Oui le médicament joue un rôle appréciable dans l’économie de la Sécu, c’est pourquoi il ne doit en aucun cas être considéré comme une marchandise, et sa consommation ne peuvent pas être évalués en termes de valeur, mais par rapport aux besoins de santé, à l’échelle de la population française comme mondiale. Plus de 50% des maladies, dans le monde, sont sans thérapies adaptées. L’accès aux soins de toutes les populations est encore un droit à conquérir.

 

Le médicament n’est pas un produit comme les autres : il a une origine / princeps, une traçabilité de sa production, un coût, un prix (l’un et l’autre actuellement non transparents), une traçabilité de ses effets thérapeutiques et de ses effets secondaires ; il fait l’objet d’une prescription suite à un examen médical. Il ne s’agit pas d’un simple rapport de consommation, mais d’un rapport social pouvant impliquer plusieurs actes, d’un travail qualifié.

 

Ce sont aussi ces particularités qui imposent de traiter le devenir de sa maîtrise en termes de chaine de la recherche/ conception, innovation, production, distribution et prescription.

Avec le pôle public du médicament, il n’y aura plus de générique, puisqu’il s’agirait de réguler les prix des molécules princeps en fonction de leur amortissement.

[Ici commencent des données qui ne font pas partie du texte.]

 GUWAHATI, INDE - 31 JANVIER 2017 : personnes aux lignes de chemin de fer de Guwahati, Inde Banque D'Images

C’est pourquoi nous refusons la notion de générique, dont aucun bilan sérieux n’a été fait sur la réalité :

  • de leurs lieux et modalités de production ;

  • de leur efficacité / aux médicaments princeps

  • de leur prix

 

Le Pôle public du médicament, c’est donner à l’Assurance maladie, la puissance publique, ses citoyens, ces travailleurs de la recherche et de l’industrie, ses élu-e-s, la possibilité d’être les garants de la santé publique et, de ce fait, de pouvoir disposer dans ce domaine d’une recherche et d’une industrie de qualité répondant aux besoins, s’opposant à toute maltraitance, toute destruction du patrimoine.

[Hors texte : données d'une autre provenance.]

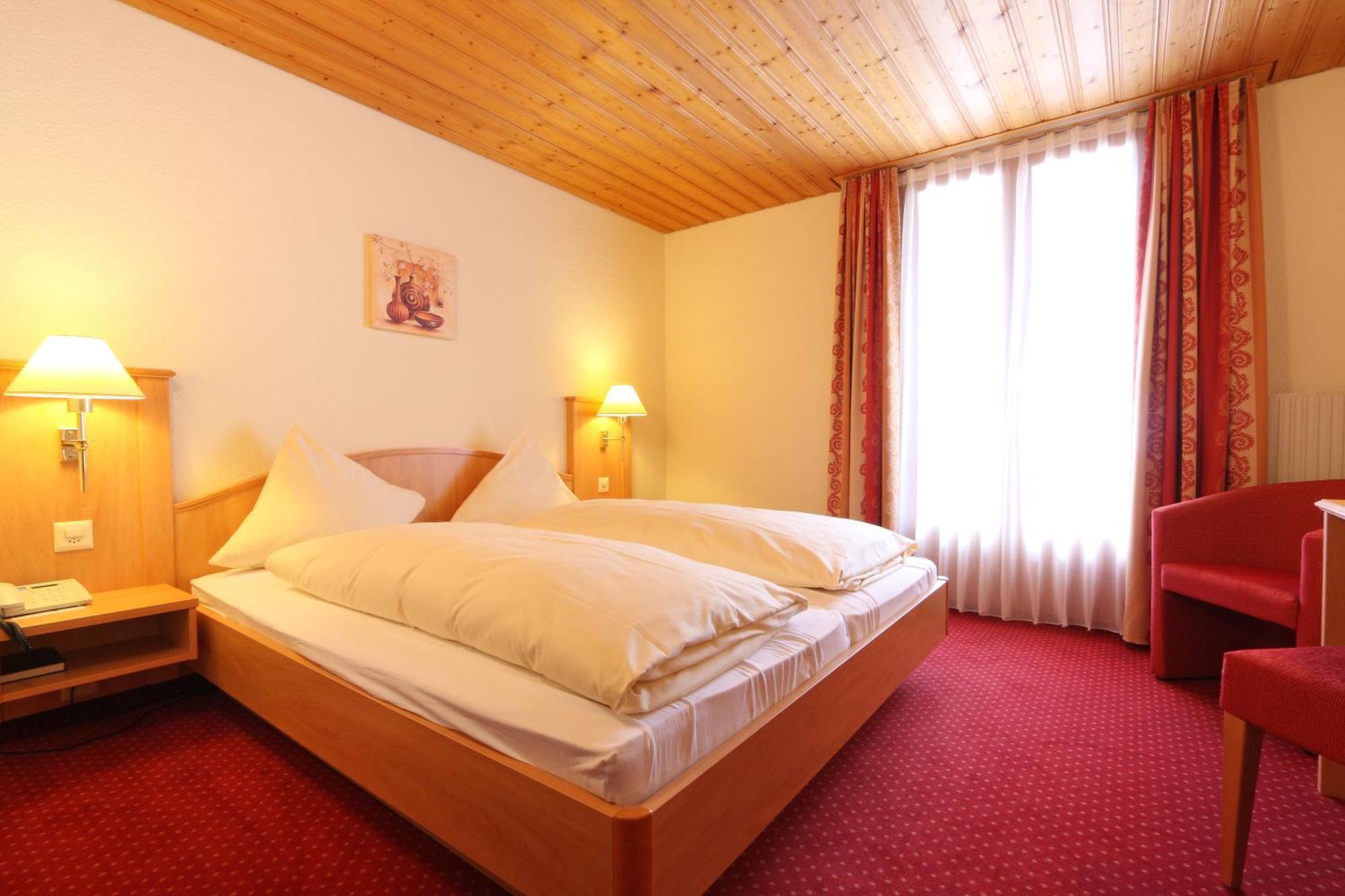 Standard Double Room,33321775:JPEG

Le Pôle public du médicament devra être pour la Distribution, celui qui permettra la préservation des structures et moyens de proximité permettant une réponse rapide aux besoins ; de même, pour la Visite médical, la formation par le service public permettra une information éthique du corps médical.

 

Le Pôle public défendra la Propriété intellectuelle, la reconnaissance des innovations et des initiateurs, mais aussi la mise à disposition mondiale des connaissances, des innovations thérapeutiques, des médicaments novateurs, pour que chacun dispose des moyens de se soigner.

Chaque contribution, chaque denier public doit être accompagné d’engagements sur des objectifs sanitaires et sociaux.

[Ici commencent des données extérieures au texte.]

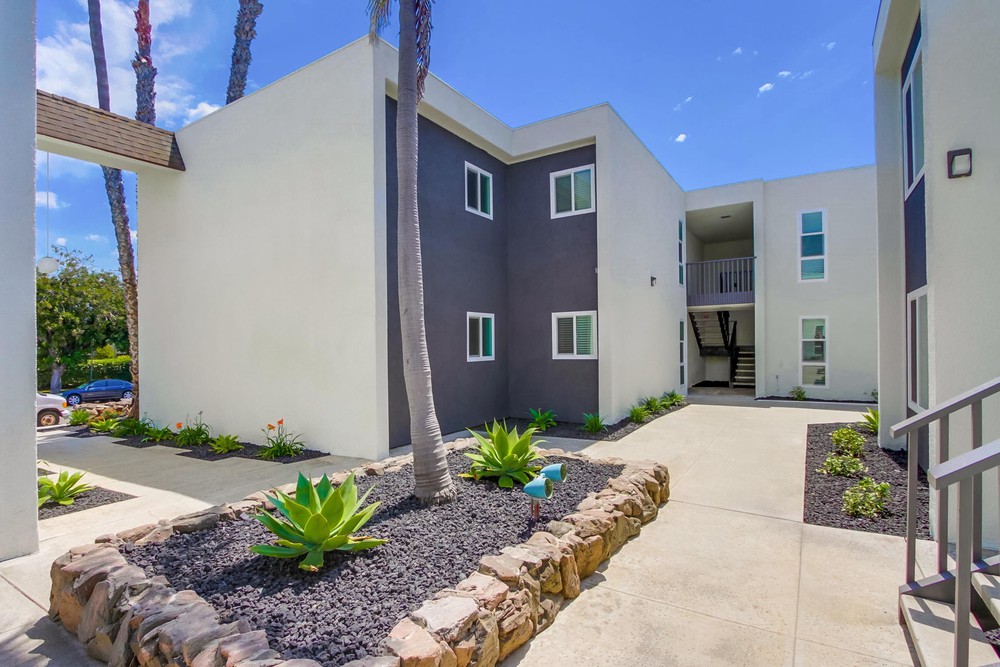Virtual tour photo 9 of 57 for 1650 Emerald St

Chaque engagement doit être toujours et régulièrement évalués et contrôlés

 

L’industrie pharmaceutique est une industrie d’avenir à condition qu’elle ne soit pas dirigée par des financiers. Ils ont fait la preuve de leur dangerosité.

Ce qui compromet l’avenir de notre industrie ce n’est pas le coût du travail, ce sont les exigences du capital. C’est pourquoi avec ce Pôle public, nous voulons faire sortir le médicament du Marché.

Il faut mettre un terme aux solutions éphémères pour continuer à financer la politique du « médicament pour tous ».

Fabien Cohen

 

1 En référence à deux cardiologues travaillant sur des valvulopathies sous Mediator* (benfluorex, Servier), lors d'un procès en diffamation au tribunal de grande instance (TGI) de Paris, mars 2015.